BEGIN

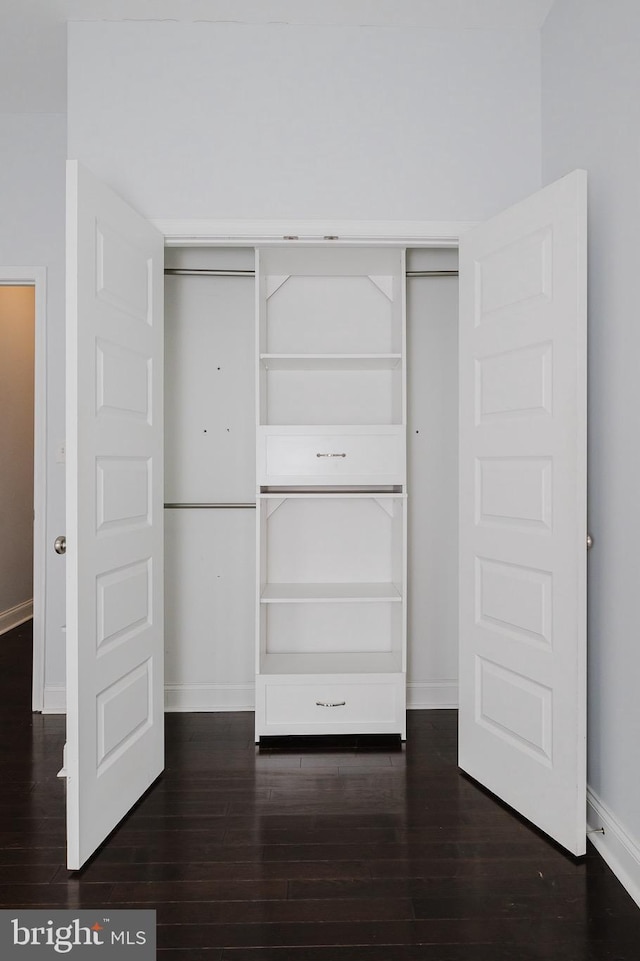 view of closet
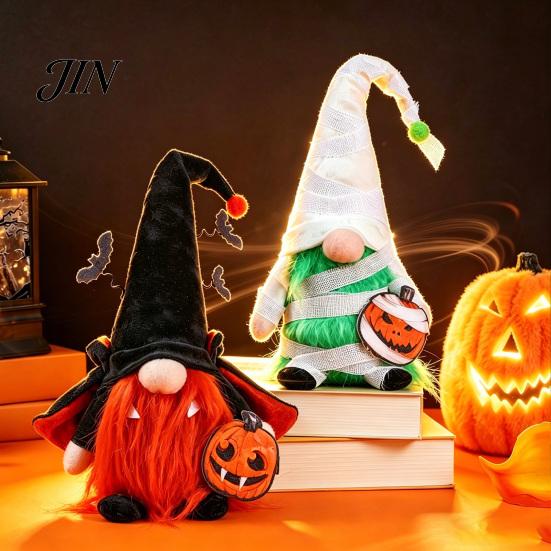 Spooky Halloween Decorations Gnome Decor, Faceless Vampire Bat Doll Figurine for Shelf Table, High-quality Decor Cute Ornament Party Home, Trick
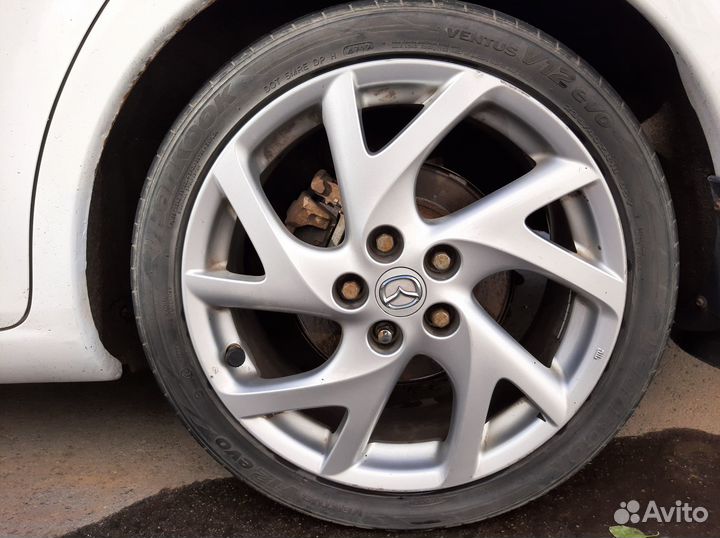 Колеса R18 на оригинальных дисках mazda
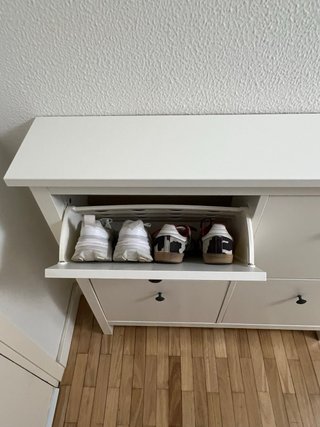 Zapatero blanco IKEA Hemnes (4 compartimentos)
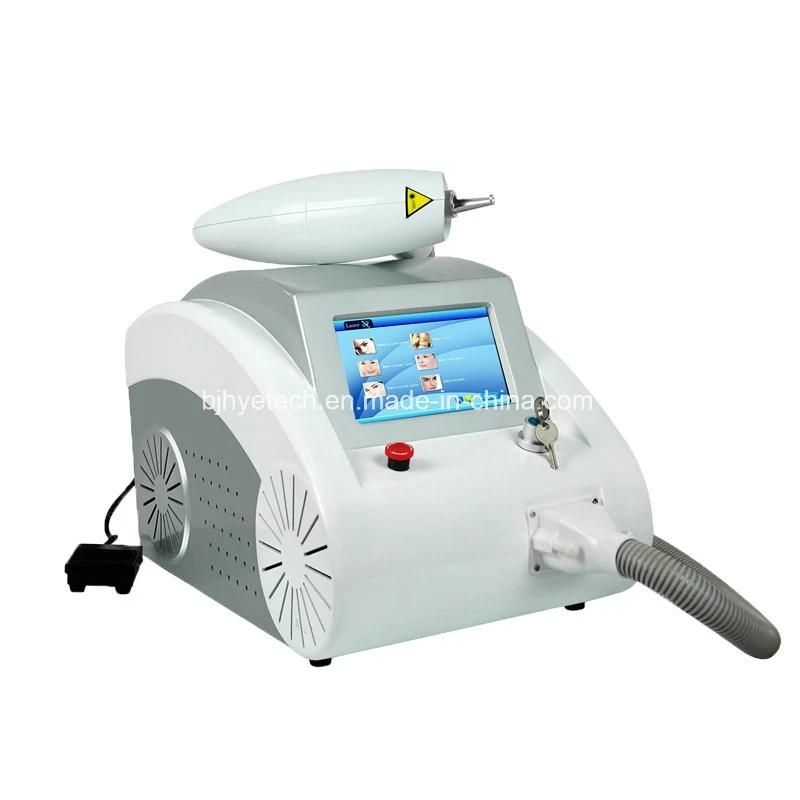 Portable ND YAG Laser Tattoo Removal Machine Q Switch Laser Tattoo Removal Machine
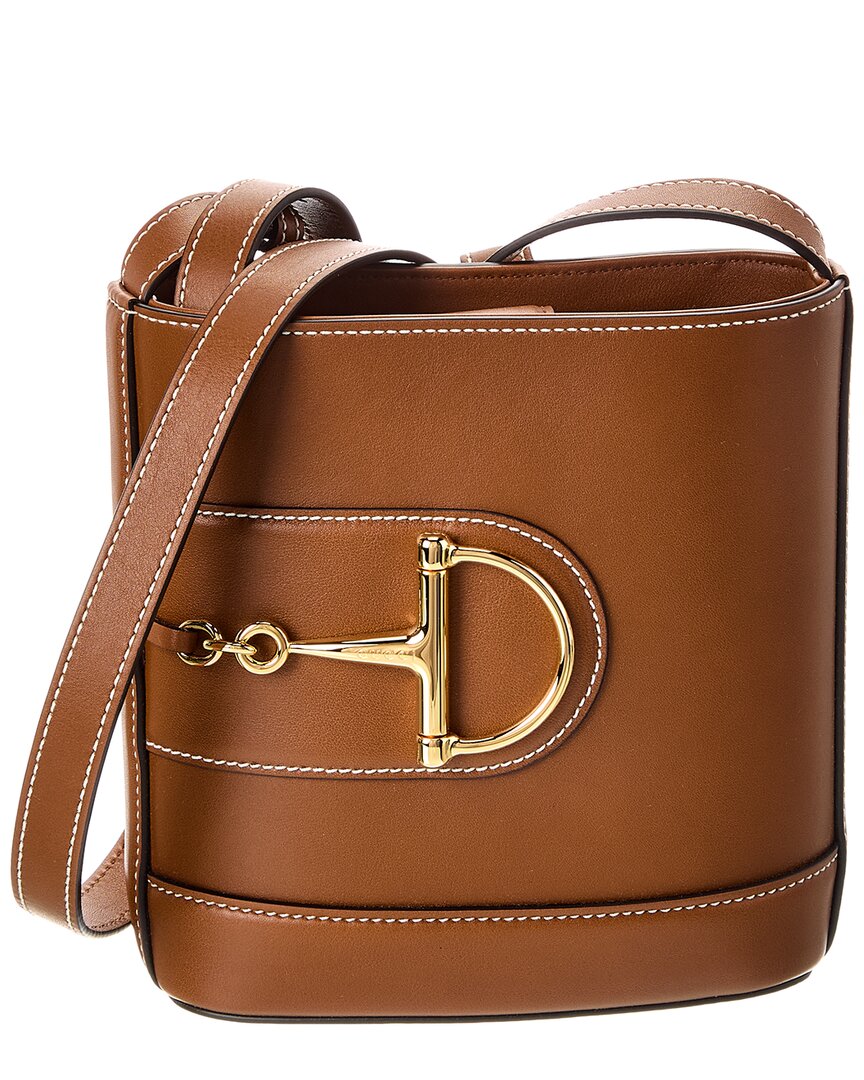 Gucci 73 Small Leather Bucket Bag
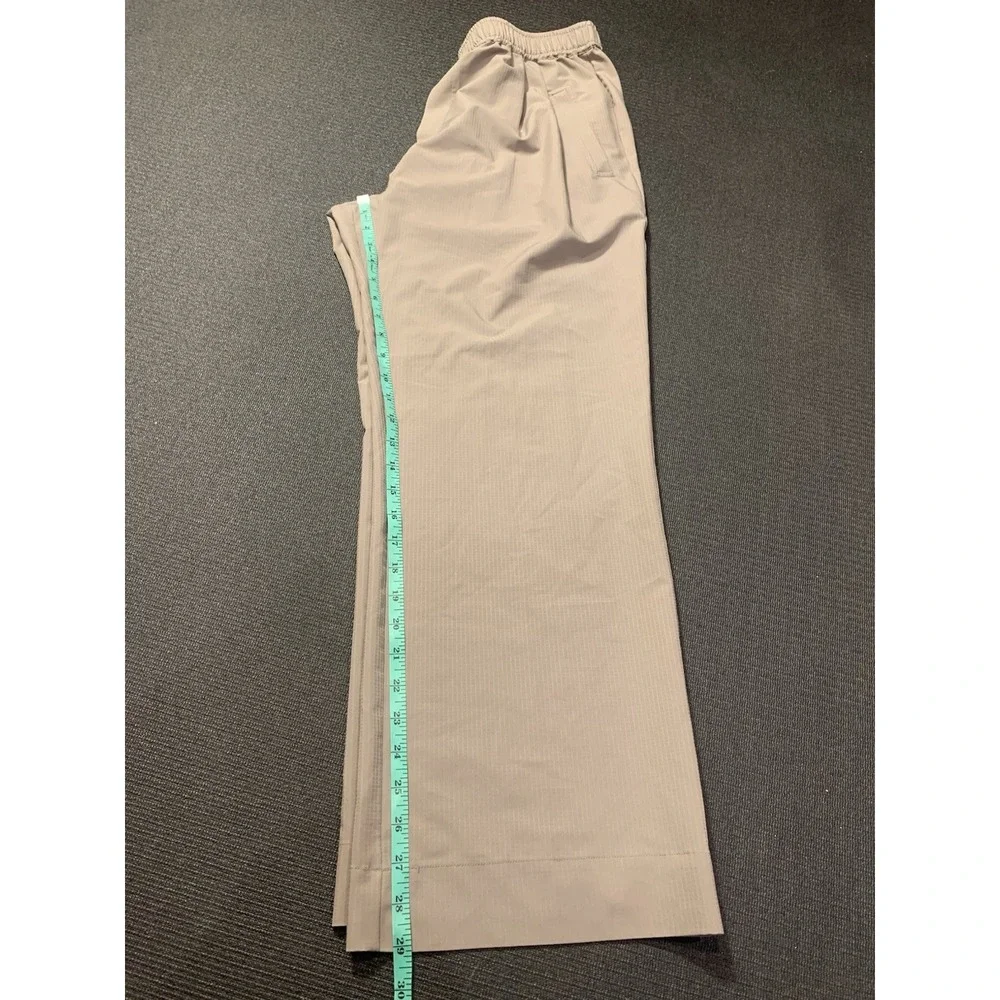 Varley Tacoma Straight Pleat‎ Pant 28 Lightweight Stretch Tan Size Large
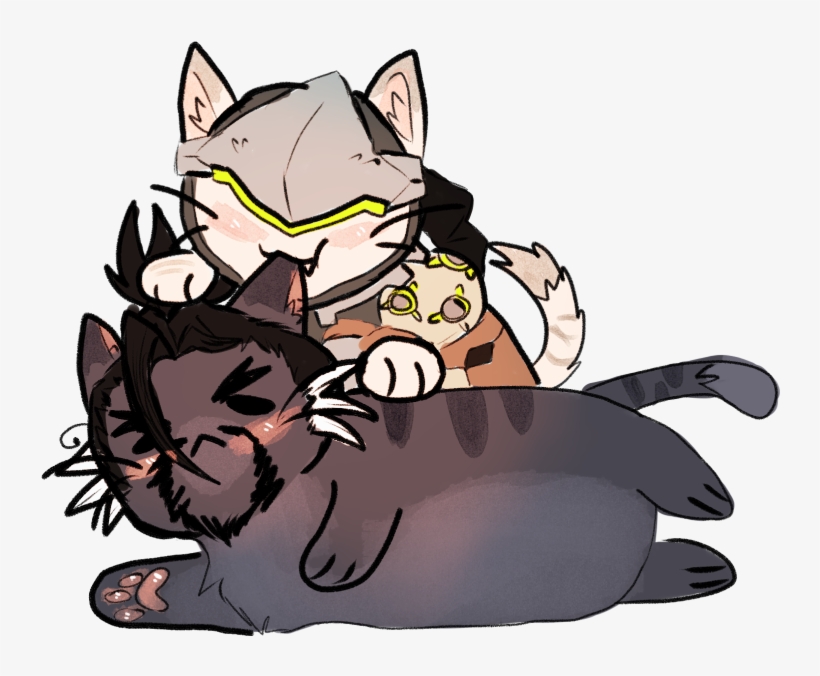 Handsome - Mcgenji - Kitties - Mcgenji - Oni, transparent png download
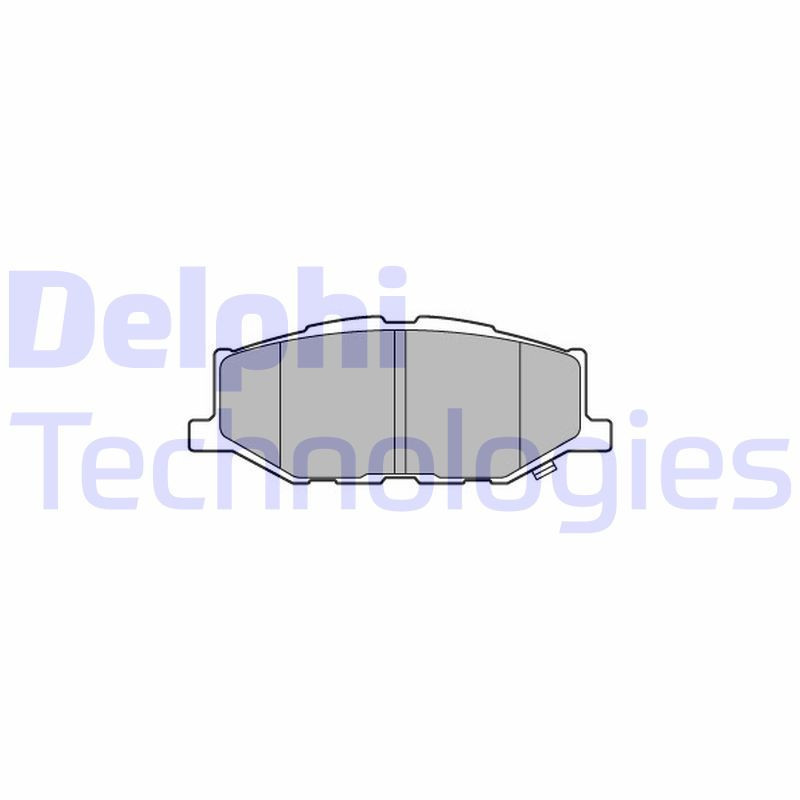 DELPHI LP3637 Pastillas de freno Delantero para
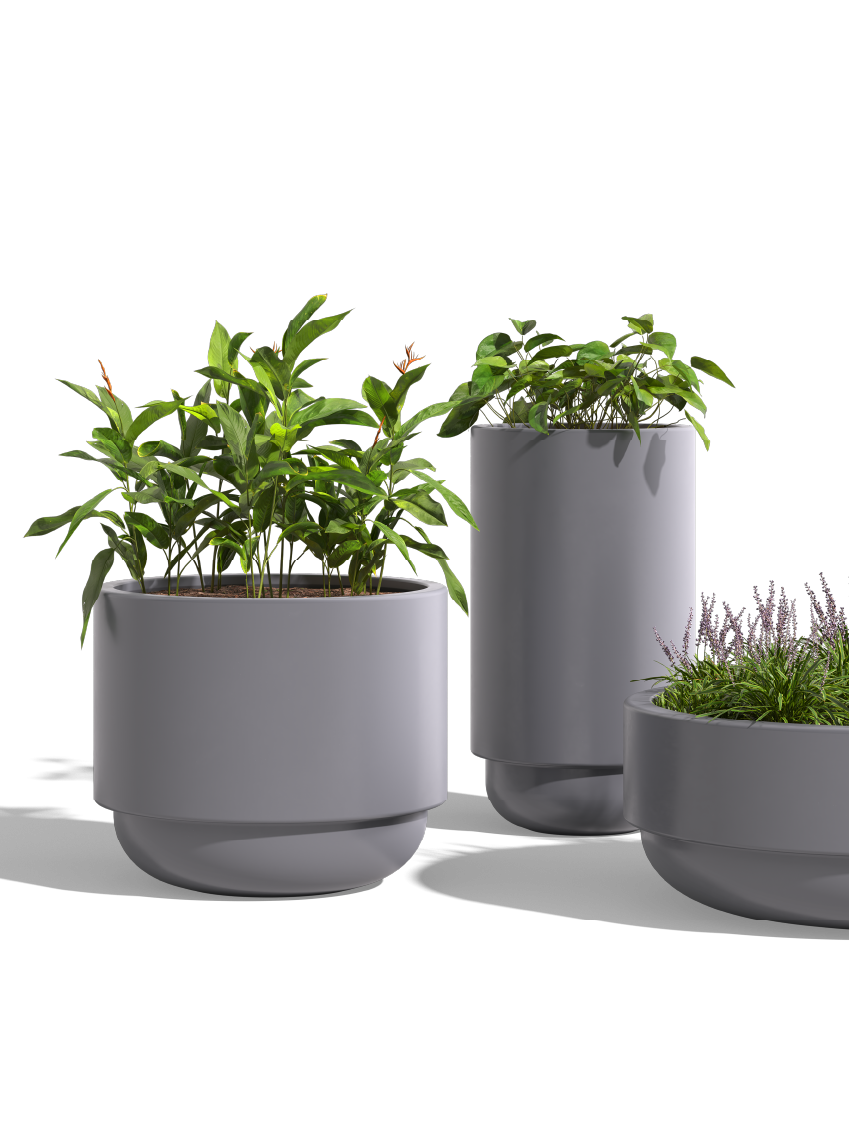 Bolinas Planter, FRP Round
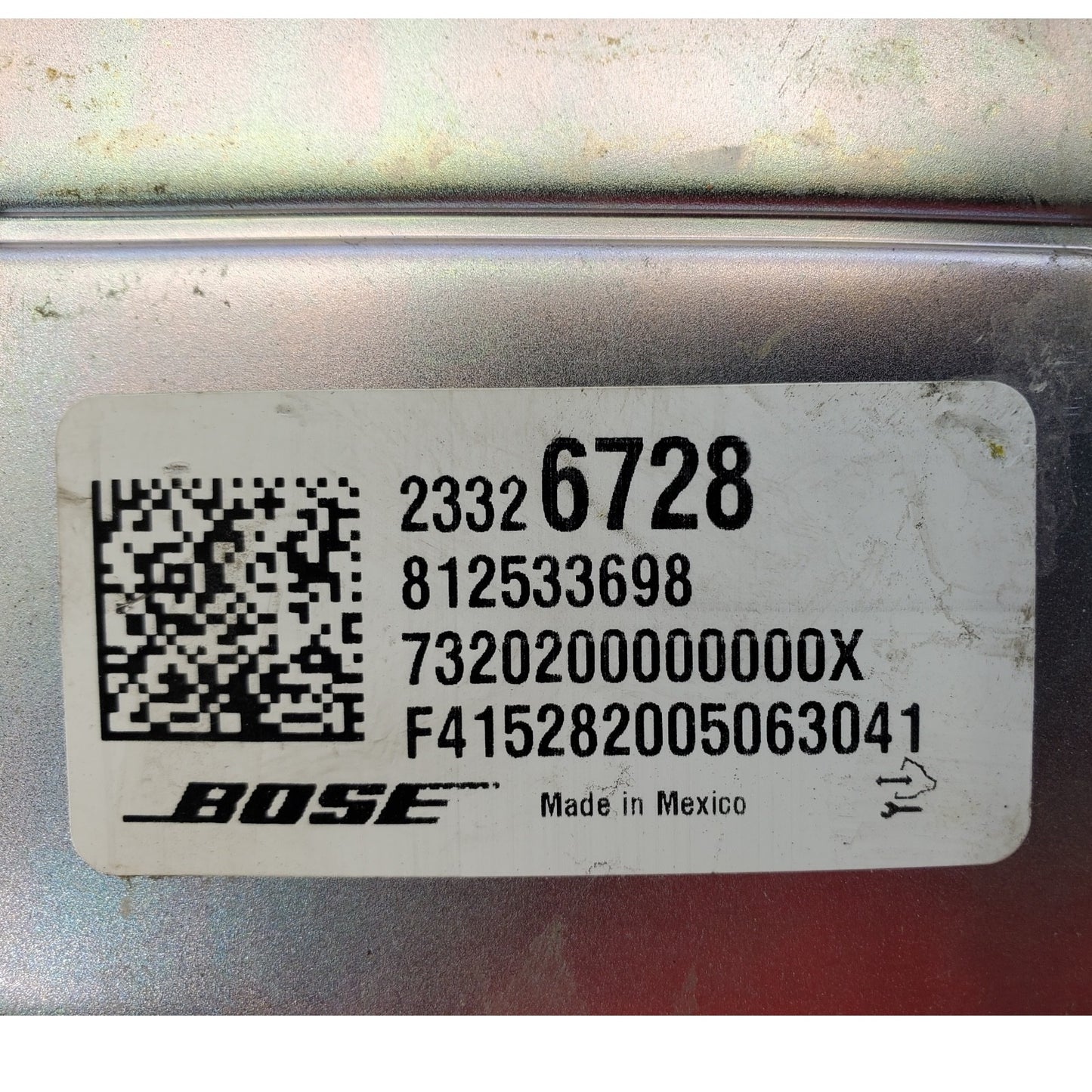 23326728 I 2016 - 2018 Chevy Malibu Impala OEM Bose Amp Factory Radio Amplifier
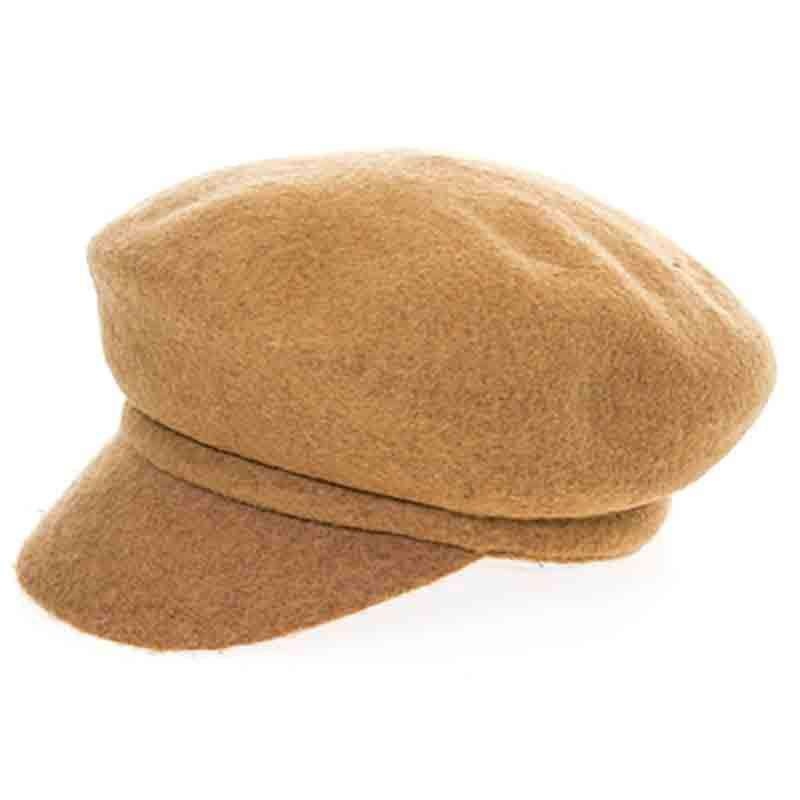 Boiled Wool Newsboy Cap – DNMC Hats Camel S/M (56-57 cm)
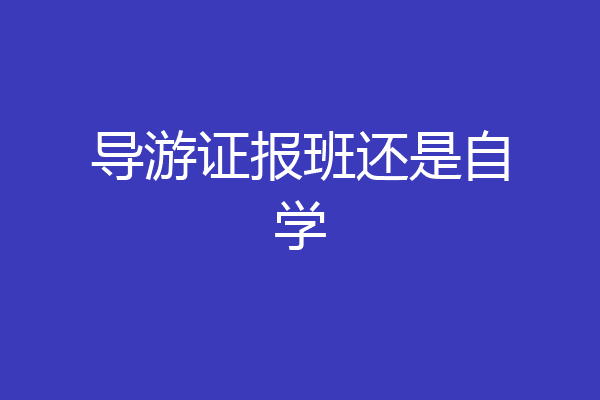 导游证报班还是自学
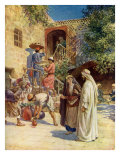 Jesus turns water into wine at the wedding in Cana  John II  1-11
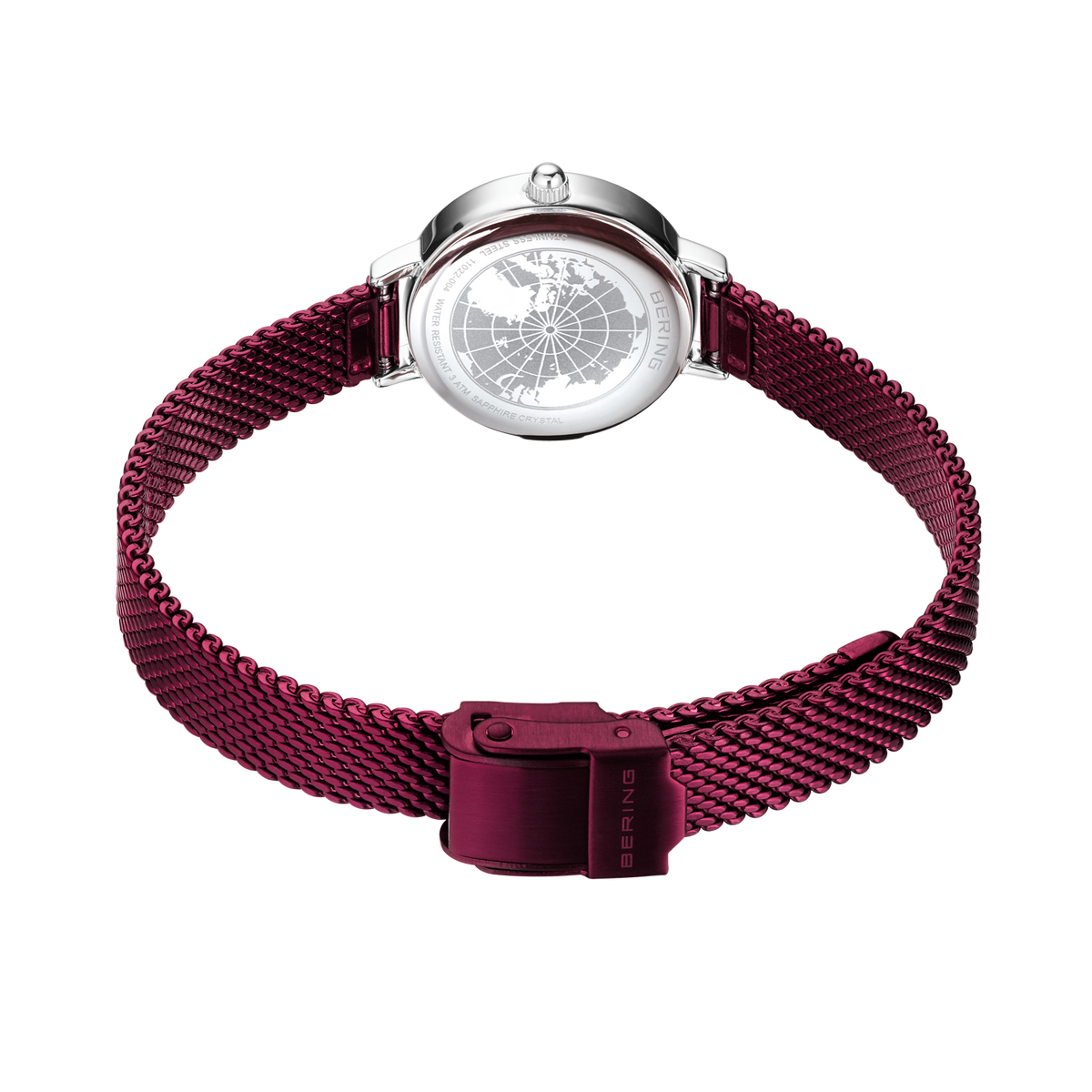 Petite Sunray Mesh Watch Purple Silver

END

Exercise details
No pictures should appear in the copy; write out exactly the lines from the one containing "Bolinas Planter, FRP Round" through the end of the material.

Solution
 Bolinas Planter, FRP Round
 23326728 I 2016 - 2018 Chevy Malibu Impala OEM Bose Amp Factory Radio Amplifier
 Boiled Wool Newsboy Cap – DNMC Hats Camel S/M (56-57 cm)
 导游证报班还是自学
 Jesus turns water into wine at the wedding in Cana  John II  1-11
 Petite Sunray Mesh Watch Purple Silver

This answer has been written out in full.